To reduce both the branching factor and the depth explored by MCTS, we heuristically execute moves that are consistently advantageous in their context, there are two types of such moves.
- **Prior moves** are a set of actions that, when **all** are played, produce the same outcome regardless of order. This set includes actions or cards that grant coins, prestige, or power. Since increases in these resources are generally advantageous and the order of these moves doesn’t affect combo activation, the set can be executed immediately in any order.
- **Prior choices** are a set of actions where selections must be made from a set of options. Each choice is made **greedily**: options are evaluated using a *utility function* that estimates the resulting game state's value, and the highest-scoring option is selected at each step without considering the globally optimal order.


#### Bot Design

The goal of the agent is to **maximize a utility function** while completing its turn within a strict time limit $T$ (in milliseconds). To achieve this, we follow the following scheme:
1. Apply all **Prior Moves** and **Prior Choices** to reduce the number of decisions that MCTS needs to consider.
2. Use MCTS to select a move from the remaining options within the remaining time.
3. GOTO 1. until the turn is finished or the time limit is reached.

This approach ensures that we do not waste time on moves that are consistently good, allowing us to focus the time budget on more complex and critical decisions.

To ensure that MCTS move selection stays within the total time $T$, we impose two constraints: a maximum number of iterations $N_{\max}$ witch is an hyperparameter, and a **time budget**.

To allocate the **time budget** $t$ effectively, we want to spend more time on the first choice, since it corresponds to a larger subtree and requires more exploration to select the best move. To achieve this, the algorithm estimates the branching factor at each depth as $b = [b_0, b_1, \dots, b_{d}]$ by performing random playouts for each possible move.

The total time $T$ can be expressed as the sum of the time spent at each depth:

$$
T = \sum_{i=0}^{d} t_i
$$

with

$$
t_i = b_i \cdot t_{i+1}
\;\;\iff\;\;
t_{i+1} = \cfrac{t_i}{b_i}
\;\;\iff\;\;
t_i = \cfrac{t_0}{\prod_{j=0}^{i-1} b_j}.
$$

Therefore, $t_0$ can be determined by scaling the total time $T$ according to the estimated size of the tree:

$$
t_0 = \cfrac{T}{1 + \cfrac{1}{b_0} + \cfrac{1}{b_0 b_1} + \cfrac{1}{b_0 b_1 b_2} + \dots + \cfrac{1}{b_0 b_1 \dots b_{d-1}}}.
$$

Doing so for each possible move, we obtain a list of candidate times $t_0(i)$, where $i$ indicates a move.
To account for the computation time spent during this calculation, the **time budget** is allocated as:

$$
t =  \min_i \big(t_0(i)\big), - \text{TimeSpent}.
$$

#### Heuristic Design: Min–Max Hand Value Rating with Weighted Evaluation

The proposed utility function evaluates a given game state by combining domain-specific features into a single utility score.

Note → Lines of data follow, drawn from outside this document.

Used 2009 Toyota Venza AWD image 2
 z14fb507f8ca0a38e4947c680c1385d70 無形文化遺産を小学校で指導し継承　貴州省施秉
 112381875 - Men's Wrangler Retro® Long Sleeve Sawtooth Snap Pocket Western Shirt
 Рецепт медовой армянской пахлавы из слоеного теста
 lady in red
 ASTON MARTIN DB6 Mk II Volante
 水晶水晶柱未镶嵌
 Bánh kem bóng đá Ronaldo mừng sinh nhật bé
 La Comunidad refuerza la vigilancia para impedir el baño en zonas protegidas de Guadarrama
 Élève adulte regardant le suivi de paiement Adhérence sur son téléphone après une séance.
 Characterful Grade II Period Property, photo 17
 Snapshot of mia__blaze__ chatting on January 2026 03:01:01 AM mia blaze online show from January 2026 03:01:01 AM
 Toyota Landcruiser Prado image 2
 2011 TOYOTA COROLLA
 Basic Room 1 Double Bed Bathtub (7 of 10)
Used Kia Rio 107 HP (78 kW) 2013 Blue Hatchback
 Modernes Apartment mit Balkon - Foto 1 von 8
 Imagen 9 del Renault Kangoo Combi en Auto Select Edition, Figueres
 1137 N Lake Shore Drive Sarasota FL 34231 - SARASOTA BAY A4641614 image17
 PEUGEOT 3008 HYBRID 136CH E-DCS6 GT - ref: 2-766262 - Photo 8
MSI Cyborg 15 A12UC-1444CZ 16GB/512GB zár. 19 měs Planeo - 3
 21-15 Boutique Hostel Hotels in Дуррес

It relies on a feature vector that summarizes the player’s current standing in terms of both resources and long-term potential as represented by the quality of the deck.

the component features of the  heuristic include:
- **Prestige and Power**: direct indicators of victory progress.
- **Coins Remaining**: current coin reserves, reflecting short-term purchasing capability.
- **Patron Favor**: net advantage in patron allegiance, computed as the difference between the number of patrons favoring the player and those aligned with the opponent.
- **Opponent Prestige**: a measure of the adversary’s relative progress.

the other are two instances of the **Min–Max Hand Value Rating (MMHVR)** model, which evaluates the quality of the player’s deck with respect to specific resources. It is applied separately to:
1. **Coin-related card effects**: representing economic potential.
2. **Prestige/Power-related card effects**: representing victory-point potential.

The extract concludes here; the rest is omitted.